During the four days, the seminar participants from 8 countries who work for government agencies, non-governmental organizations and think tanks had the opportunity to learn more about public sector reforms in Ukraine from experts who were directly involved in the development and implementation of innovative solutions after the Revolution of Dignity. The seminar focused on areas such as health, defense, public procurement system, local administration, participatory budgeting and electronic petitions.
Despite the fact that the introduction of new technologies in the field of public administration is not a purely Ukrainian phenomenon and is equally gaining importance in all countries of the Eastern Partnership, it has several particular features in Ukraine: 1) strong positive dynamic of development and growing community support caused by the Euromaidan; 2) the key role of grass-roots initiatives and bottom up oriented civil society, which helped to push for the most successful reforms (health, military or government procurement); 3) the strong impact of foreign policy due to the constant military threat from Russia, as well as the financial pressure of international creditors, which make their financial support conditional on the success of institutional reforms in Ukraine.
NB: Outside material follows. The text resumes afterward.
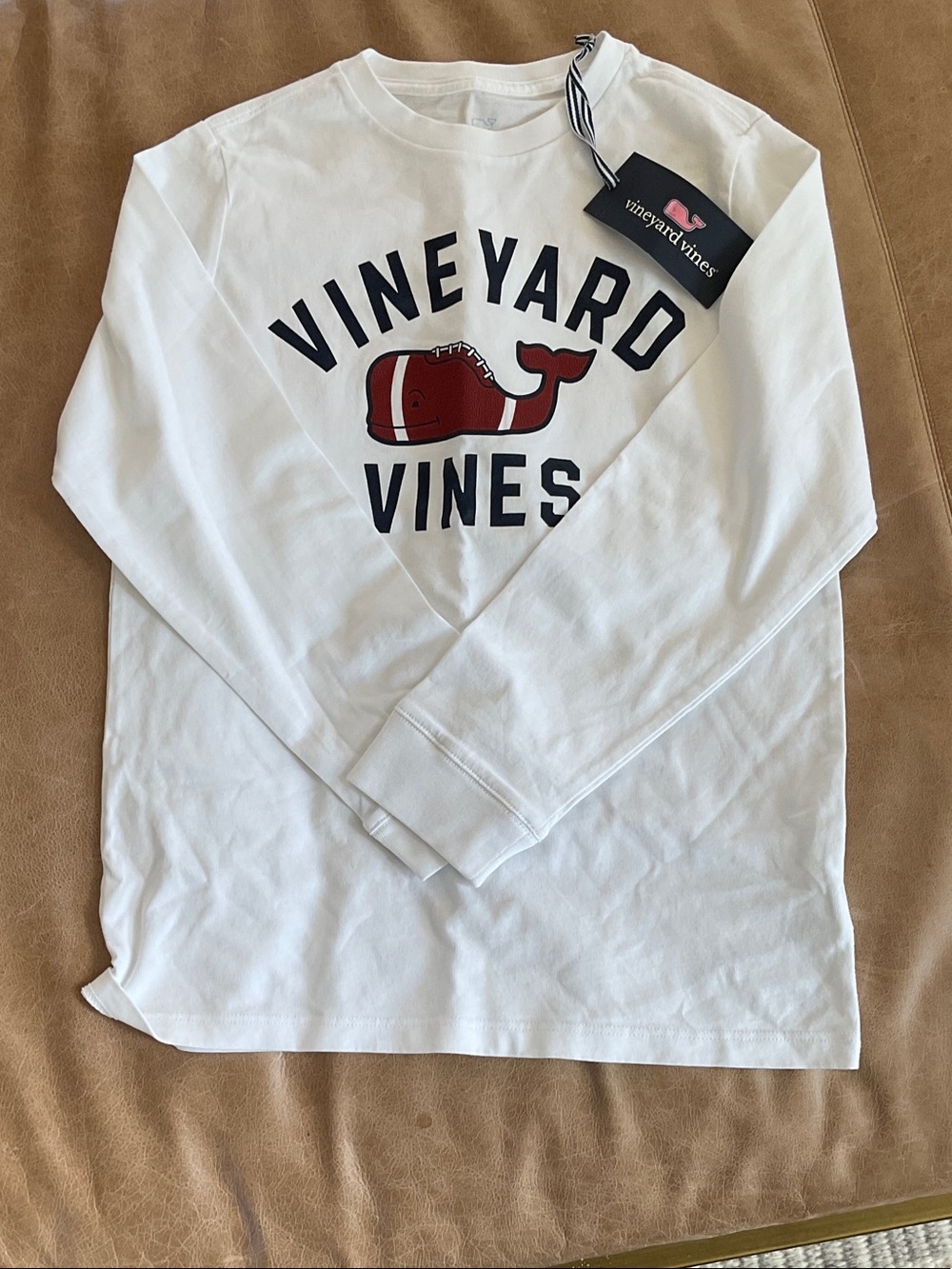 Vineyard Vines White Long-Sleeve Tee with Red Whale and Navy Text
Over the past 5 years, Ukraine has managed to achieve substantial breakthroughs by reforming its state institutions and some of these cases can serve as examples for the rest of the region. Nevertheless, one should not overstate the achievements of Ukrainian reforms. The country’s corruption remains on a high level, and the old guard in the government is not always willing to adopt new policies.
Some of the experts such as Alexander Starodubtsev (the initiator of the creation of the public procurement system ProZorro) emphasize the urgent need for deep changes in governance culture, which has barely changed since Soviet times.
By conducting an event of this scale, the organizers did not aim to convince other countries’ representatives of adopting the same policies. Quite the contrary - the seminar was designed to stimulate an intensive open exchange on an equal footing among different professionals. Therefore, the program was not limited to the reports of Ukrainian experts. A very important part of the event was the presentation of innovative projects such as the empowerment of grassroots youth democracy in Georgia, Russia and Moldova. Moreover, during another discussion, representatives of all 8 countries who participated in the seminar presented a short overview of the main trends and public administration innovations in their countries.